The film contains several references to the Jungle Book, through the animation and the voice over. Where did these ideas come from?
[Sean] - Billy once performed ‘I wanna be like you’ and told me it was his favourite song. He said he listened to it all the time when he was younger and had decorated his entire bedroom in honour of King Louie. I found a certain poignancy in his passion for the song and the lyrics of ‘I wanna be like you’. Billy has a great memory for recalling street names and routes around town that are no longer there due to reconstruction of certain areas he grew up in during The Troubles in Northern Ireland. With myself and Michael’s research into time, place and memory we wanted to create a fictional tour guide based on Billy’s own version of his friend King Louie. In doing this, it allowed us to travel through both the physical past and the mental past of Billy’s mind.
Your documentary looks at both the geography and the history of the city of Derry, with archive, maps, and recurrent shots of the Lecky road flyover. What does this place stand for?
[Michael] - The connection to the Lecky Road came from the footage of Billy singing as a child in the BBC documentary. This was recorded outside his school there. The flyover was built during the 1970s and it cuts through the Bogside area in Derry. In order to build it, they had to demolish and completely reshape the streets and housing there. So in a way we were interested in physical and architectural scars, and how people and places change. And scars are always a story, bad or good. The flyover itself has always had a presence and a somethingness about it, in part I think that comes from it seeming so out of place amongst the architecture around it. There’s something otherworldly about it amongst the murals and history of the Bogside.
The editing is very musical, with echos and repetitions. What was your approach?
[Sean] - We had no budget for this project and produced it ourselves. Therefore we were given the freedom to enter the edit with alot of creative control but also forced to dig deeper into telling this story in a more inventive manner. We both agreed that we didn't want to make a voyeuristic piece of mental health and that Billy and Willy were very much involved. So taking this process into the edit we kept it open and reactionary to the spontaneity of their friendship and feelings.
[Michael] - The music allowed us to travel between worlds and states in a fluid way. We sort of embraced the approach of jazz too, in terms of finding rhythms between images that resonated without always having a completely logical reason for doing so. Always playing and forming different types of connections. Feeling was such a big part of the edit, because the motto was always “if it felt right then it was right” and that’s actually a really liberating way to work.
At the heart of the film is a beautiful friendship, but also a troubled past. There's a real ambivalence to your film, which is both sweet and heartbreaking (just like the last scene of young Billy and old Billy singing side by side)...
[Sean] - I think friendships are always quite ambivalent and enigmatic.
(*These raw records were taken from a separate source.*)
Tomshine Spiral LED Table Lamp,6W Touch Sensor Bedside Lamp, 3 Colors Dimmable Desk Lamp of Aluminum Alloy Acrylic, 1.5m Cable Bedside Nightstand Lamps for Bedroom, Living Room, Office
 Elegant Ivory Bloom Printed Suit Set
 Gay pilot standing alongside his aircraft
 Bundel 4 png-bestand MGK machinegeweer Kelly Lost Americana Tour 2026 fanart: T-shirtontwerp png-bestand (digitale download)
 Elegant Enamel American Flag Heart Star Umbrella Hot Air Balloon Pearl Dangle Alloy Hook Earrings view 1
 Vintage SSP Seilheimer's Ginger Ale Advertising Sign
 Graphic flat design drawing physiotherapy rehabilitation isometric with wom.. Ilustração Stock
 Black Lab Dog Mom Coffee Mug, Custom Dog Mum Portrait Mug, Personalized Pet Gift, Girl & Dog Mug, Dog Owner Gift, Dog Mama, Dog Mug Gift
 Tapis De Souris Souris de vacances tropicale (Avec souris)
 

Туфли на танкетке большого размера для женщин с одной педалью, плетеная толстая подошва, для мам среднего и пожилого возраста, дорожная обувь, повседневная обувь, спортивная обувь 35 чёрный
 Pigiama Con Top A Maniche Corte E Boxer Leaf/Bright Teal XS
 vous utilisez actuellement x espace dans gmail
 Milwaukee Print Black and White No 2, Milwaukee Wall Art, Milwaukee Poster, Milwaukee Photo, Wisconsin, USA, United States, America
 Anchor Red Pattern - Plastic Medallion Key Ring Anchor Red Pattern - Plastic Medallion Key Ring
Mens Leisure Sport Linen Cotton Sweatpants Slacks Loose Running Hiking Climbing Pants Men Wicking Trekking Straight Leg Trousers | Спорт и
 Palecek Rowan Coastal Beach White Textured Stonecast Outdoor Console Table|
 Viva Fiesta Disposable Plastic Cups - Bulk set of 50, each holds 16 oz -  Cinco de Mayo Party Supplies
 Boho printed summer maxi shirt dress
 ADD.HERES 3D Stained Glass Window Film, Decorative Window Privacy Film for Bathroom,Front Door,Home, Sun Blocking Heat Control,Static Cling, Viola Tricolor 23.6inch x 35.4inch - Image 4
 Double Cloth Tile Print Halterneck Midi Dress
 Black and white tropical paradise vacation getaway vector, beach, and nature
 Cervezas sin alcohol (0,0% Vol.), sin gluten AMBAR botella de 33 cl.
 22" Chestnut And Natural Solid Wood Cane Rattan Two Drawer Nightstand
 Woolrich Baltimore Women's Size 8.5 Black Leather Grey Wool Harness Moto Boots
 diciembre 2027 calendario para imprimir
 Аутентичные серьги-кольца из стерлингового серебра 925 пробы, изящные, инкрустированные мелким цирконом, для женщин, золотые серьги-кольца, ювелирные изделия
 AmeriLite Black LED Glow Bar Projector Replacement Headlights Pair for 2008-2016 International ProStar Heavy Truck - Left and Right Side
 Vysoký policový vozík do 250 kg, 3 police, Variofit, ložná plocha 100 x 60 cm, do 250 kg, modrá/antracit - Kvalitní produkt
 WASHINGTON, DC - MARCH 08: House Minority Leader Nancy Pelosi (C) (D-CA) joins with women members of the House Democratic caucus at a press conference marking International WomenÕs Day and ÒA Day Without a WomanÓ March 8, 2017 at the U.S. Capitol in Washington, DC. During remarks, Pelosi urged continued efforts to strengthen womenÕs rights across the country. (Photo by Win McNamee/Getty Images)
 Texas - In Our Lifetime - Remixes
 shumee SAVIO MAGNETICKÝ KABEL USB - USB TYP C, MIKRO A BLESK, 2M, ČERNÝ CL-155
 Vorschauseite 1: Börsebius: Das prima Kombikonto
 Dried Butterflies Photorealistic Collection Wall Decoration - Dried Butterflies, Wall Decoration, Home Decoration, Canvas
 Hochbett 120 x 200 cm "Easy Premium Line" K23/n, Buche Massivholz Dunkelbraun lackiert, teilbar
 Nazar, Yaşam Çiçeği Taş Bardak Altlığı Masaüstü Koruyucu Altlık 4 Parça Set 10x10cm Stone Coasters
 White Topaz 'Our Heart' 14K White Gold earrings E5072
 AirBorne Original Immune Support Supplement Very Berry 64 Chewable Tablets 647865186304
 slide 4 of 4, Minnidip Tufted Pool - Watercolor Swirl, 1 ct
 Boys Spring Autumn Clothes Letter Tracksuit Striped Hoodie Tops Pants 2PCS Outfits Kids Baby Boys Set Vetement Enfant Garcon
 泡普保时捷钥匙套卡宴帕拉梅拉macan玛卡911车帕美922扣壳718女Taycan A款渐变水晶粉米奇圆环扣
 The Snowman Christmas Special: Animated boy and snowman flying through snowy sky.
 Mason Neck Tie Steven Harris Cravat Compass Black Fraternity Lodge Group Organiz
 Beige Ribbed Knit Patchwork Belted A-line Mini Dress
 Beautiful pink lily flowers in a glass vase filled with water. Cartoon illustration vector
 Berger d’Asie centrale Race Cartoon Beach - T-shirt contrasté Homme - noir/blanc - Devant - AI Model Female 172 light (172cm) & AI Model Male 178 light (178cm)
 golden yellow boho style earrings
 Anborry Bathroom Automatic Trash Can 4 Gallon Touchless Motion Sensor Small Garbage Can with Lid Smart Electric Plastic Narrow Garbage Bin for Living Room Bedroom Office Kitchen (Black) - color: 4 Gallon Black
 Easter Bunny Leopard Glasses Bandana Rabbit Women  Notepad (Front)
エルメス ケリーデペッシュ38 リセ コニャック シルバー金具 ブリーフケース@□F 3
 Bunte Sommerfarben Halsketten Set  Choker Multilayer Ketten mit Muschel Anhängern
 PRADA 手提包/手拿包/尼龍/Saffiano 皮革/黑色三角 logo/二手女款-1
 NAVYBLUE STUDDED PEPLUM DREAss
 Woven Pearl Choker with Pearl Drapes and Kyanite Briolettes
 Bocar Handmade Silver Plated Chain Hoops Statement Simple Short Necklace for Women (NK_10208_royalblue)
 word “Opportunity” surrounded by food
You often never quite know why or what it is that made you become friends, when they started or for that matter ended. But we remember how we feel during these times, and it was this sense of intangible feeling of friendship through time that we wanted to catch.
Of course, friendships like this are a cog in a larger story for everyone during traumatic conflicts and happier times. Michael and I wanted to extend and explore the idea of observing a city’s physical and mental health altering over time. Can the landscape of a physical place show signs and leave behind the residue of a psychological history?
[Michael] - We’re interested in the idea of person and place being inseparable, as in not really being able to gain a full understanding of one without the other.